During a conference call with analysts, Marchetti underscored the acceleration in the second quarter, driven by the performance in Europe and Asia and foreign exchange tailwinds.

New chief financial and corporate officer Enrico Cavatorta also said that tailwinds were “beyond expectations.” He said he expected these will “continue to have a positive effect but to a lesser extent, a few percentage points less” in the rest of the year.

During the call, Marchetti also referred to preparations in light of the merger with Net-a-porter, which will be effective in October. Related costs are expected to total between 15 million and 20 million euros, or $16.4 million and $21.9 million, by the end of the year, ranging from legal and accounting to consulting fees. Corporate development and financial communications director Silvia Scagnelli said the company is “not wasting time,” on preparing the merger, having set up an integration office, and fueling communication with its employees, with “frequent updates” on an internal Web site. Scagnelli said Yoox is working with Boston Consulting Group and, while declining to provide additional details, described the preparation with the expression: “So far so good, with no surprises.”

Remarking on the merger, Marchetti said he had met with the “top management team” in New York and London. “I have never seen so many talents under one roof, I am superpositive.”

In the first half, earnings before interest, taxes, depreciation and amortization excluding incentive plan costs totaled 19.2 million euros, or $ 20.1 million, up 2.6 percent compared to last year.

The multibrand business line, which includes Yoox.com, Thecorner.com and Shoescribe.com, grew 18.9 percent to 206.8 million euros, or $226 million.

In the second quarter, revenues accelerated, climbing 22.7 percent driven by Yoox.com, which benefited from new marketing and commercial initiatives implemented during the period. In particular, marking the 15th anniversary of Yoox, a new TV campaign was launched in Italy and later, for the first time, also in the U.S. With the aim of further enriching Yoox.com, a new Travel area was launched in May. At the end of June, the multibrand business line accounted for 72.7 percent of sales.

The monobrand division, with 38 online flagships, ranging from Giorgio Armani to Ermenegildo Zegna, grew 21.3 percent to 77.8 million euros, or $85 million, accounting for 27.3 percent of total

The figures reflected “the brilliant results” of the joint venture with Kering and of most of the division’s brand portfolio, and the effect of the strong appreciation of the dollar against the euro, said Marchetti.

North America, the group’s biggest market, saw revenues spike 40.6 percent to 70.5 million euros, or $77.1 million. At constant exchange, sales grew 15.1 percent.

Sales in Italy were up 13.4 percent, totaling 43.9 million euros, or $48 million.

Europe was up 11.9 percent and Russia benefitted from the gradual improvement of the euro/ruble.

Japan grew 8 percent and other countries surged 67 percent thanks to the excellent results of Yoox.com in China and Hong Kong.

Scagnelli said “China is performing extremely well,” with a “nearly triple-digit growth, and offers huge potential. There are opportunities, even more so as a combined group.”

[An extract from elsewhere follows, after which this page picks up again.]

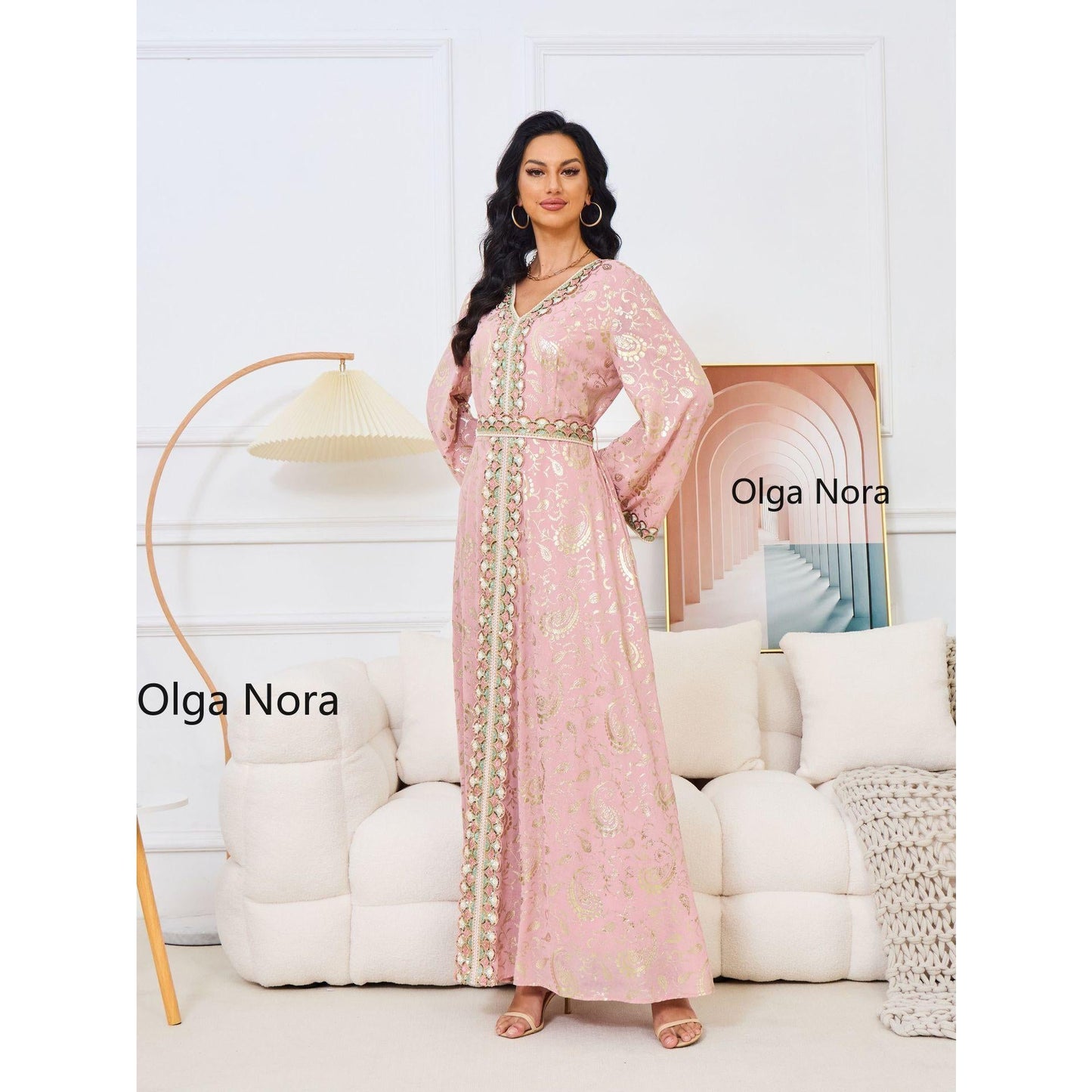 HS1328 Elegant and Slim-fitting Maxi Dress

To further develop its global techno-logistics platform, capital expenditures totaled 25.5 million euros, or $27.9 million, compared with 17.2 million euros, or $18.8 million, in the same period of the previous year.

The group also continued with the rollout of cross-channel functionalities for its monobrand partners, and two new services were introduced: “Buy On Call,” which enables customers to buy over the phone, and “Click For Fashion Advice,” to receive style advice.

As of June 30, the group’s net debt stood at 8.5 million euros , or $9.3 million, compared to a positive net financial position of 31 million euros, or $33.9 million, at the end of December 2014.

“In light of the proven effectiveness of the Yoox business model worldwide and the positive outlook for the online luxury retail market, it is reasonable to expect that the Yoox group will continue to see business growth in 2015,” said the company.